Triple G will steamroll Alvarez.


----------



## Bigdaddy212 (May 8, 2016)

Agreed


----------



## a mongo frog (May 8, 2016)

Bigdaddy212 said:


> Agreed


Without google can you name 4 fighters GGG has fought?


----------



## testiclees (May 8, 2016)

I get the sense that not many are looking to face him


----------



## Corso312 (May 8, 2016)

a mongo frog said:


> Without google can you name 4 fighters GGG has fought?





Everybody ducks him, he can't force these cowards to fight.


----------



## Corso312 (May 8, 2016)

testiclees said:


> I get the sense that not many are looking to face him






Alvarez been ducking him for long time, nobody wants to get in the ring with Triple G..who has Alvarez fought? Khan? Lol..dude got no chin, May weather embarrassed him and Floyd won't go near gannady.


----------



## testiclees (May 8, 2016)

Mayweather is a fucking riot

2/16

"When asked by fans recently if he would be willing to fight Golovkin, Mayweather said that he can barely make the welterweight limit of 147lbs, and he doesn’t see how he could make the upper middleweight limit of 160lbs for a fight against Golovkin.
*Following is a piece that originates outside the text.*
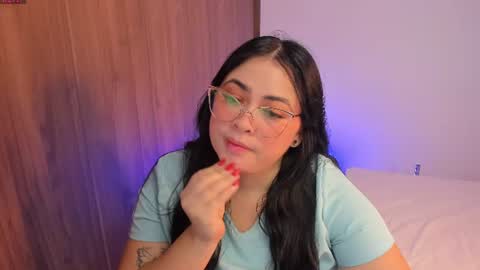 Mafe Montiel online show from July 18, 2026, 12:42 pm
But in the next breath, Mayweather says that Golovkin is a basic fighter, nothing special, and an easy opponent for him at middleweight.
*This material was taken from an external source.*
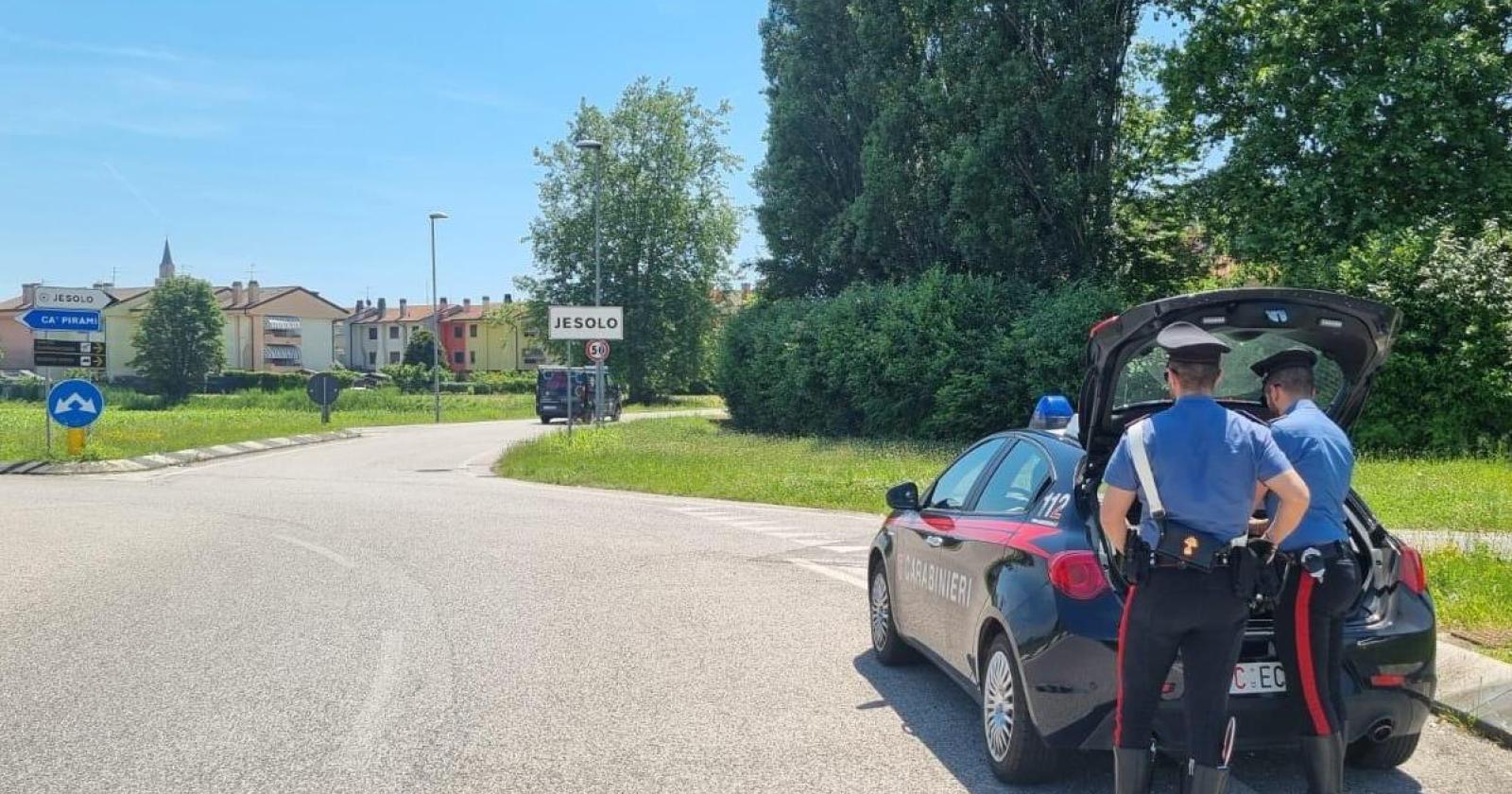 Furti di cellulari sulla spiaggia, beccato il borseggiatore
“I can barely make 147, so how can I fight at 160,” said Mayweather to Fighthype. “Triple G, I mean, not being disrespectful, but he’s straight up and down, no special effects. That’s easy work…with the Pacquiao fight, you know, 10 rounds to 2, that was a blowout,” said Mayweather."
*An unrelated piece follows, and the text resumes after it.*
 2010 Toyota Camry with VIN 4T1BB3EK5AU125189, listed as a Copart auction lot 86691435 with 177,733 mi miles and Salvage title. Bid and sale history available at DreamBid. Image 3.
http://www.boxingnews24.com/2016/02/mayweather-triple-g-would-be-easy-work-at-160/


----------



## Bigdaddy212 (May 8, 2016)

Mayweather is the bigger champ why does he have to move up in weight it should be GGG that has to come down regardless Mayweather is ducking him no doubt but when you rehydrate after weight in GGG will be 10 pounds heavier


----------



## a mongo frog (May 8, 2016)

If HBO makes those fights Triple G goes on a 3 fight loosing streak getting super rich in the process. My thoughts are it goes like this. He fights Floyd looses a 12 rounder, then fights Alvarez and gets stopped in 10 because he's to slow ( his timing is great though), then he gets ko'd by Ward and retires super rich. But none of that will happen because HBO protects him.


----------



## Bigdaddy212 (May 8, 2016)

no way GGG loses to Alvarez Ward would be a tough challenge as his skill set is high 
Floyd well............ you got hit him more than he hits you thats the problem people are having 
Take power out of the equation cause he's not going to let you get close enough to stun him the last person to do that was 
Shane Mosley who damn near dropped him


----------



## Corso312 (May 9, 2016)

Bigdaddy212 said:


> Mayweather is the bigger champ why does he have to move up in weight it should be GGG that has to come down regardless Mayweather is ducking him no doubt but when you rehydrate after weight in GGG will be 10 pounds heavier






Lol...Floyd wouldn't fight Golovkin at any weight...even his dad said a few years ago " are you nuts?, I wouldn't put my son in the ring with that animal"


----------